(RECORDS TO PROCESS Opens)

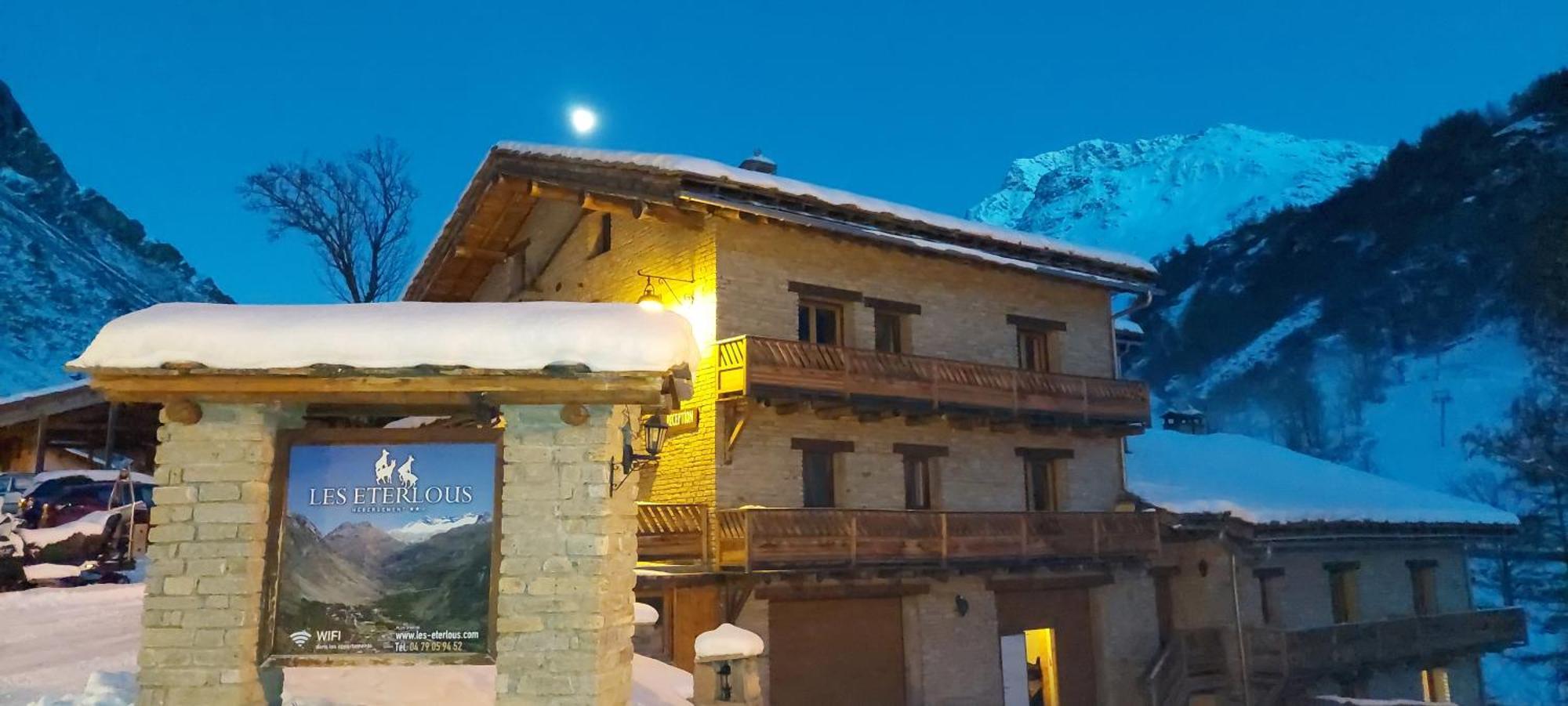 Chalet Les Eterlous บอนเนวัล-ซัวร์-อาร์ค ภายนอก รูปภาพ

(RECORDS TO PROCESS Closes)
(RECORDS TO PROCESS Opens)

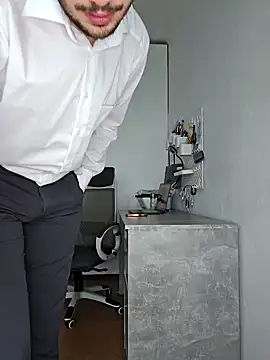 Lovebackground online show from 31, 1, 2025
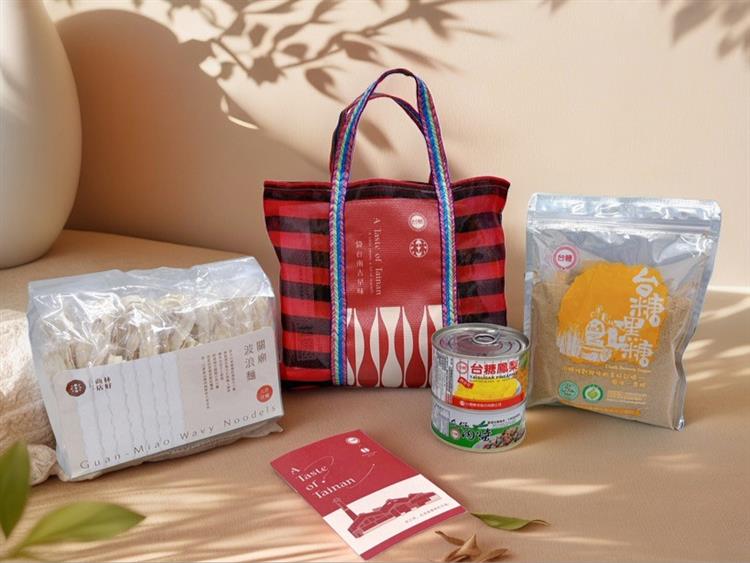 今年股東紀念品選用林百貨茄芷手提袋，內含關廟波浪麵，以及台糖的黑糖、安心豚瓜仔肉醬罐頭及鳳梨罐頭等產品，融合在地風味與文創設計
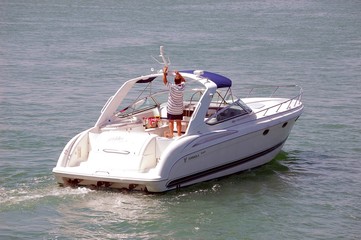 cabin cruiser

(RECORDS TO PROCESS Closes)

▶ _EXERCISE REQUIREMENTS_: Using the listing above, restate exactly the range between the lines holding "Lovebackground online show from 31, 1, 2025" and "cabin cruiser", inclusive, with pictures left out.

▶ _WRITTEN RESPONSE_:
 Lovebackground online show from 31, 1, 2025
 今年股東紀念品選用林百貨茄芷手提袋，內含關廟波浪麵，以及台糖的黑糖、安心豚瓜仔肉醬罐頭及鳳梨罐頭等產品，融合在地風味與文創設計
 cabin cruiser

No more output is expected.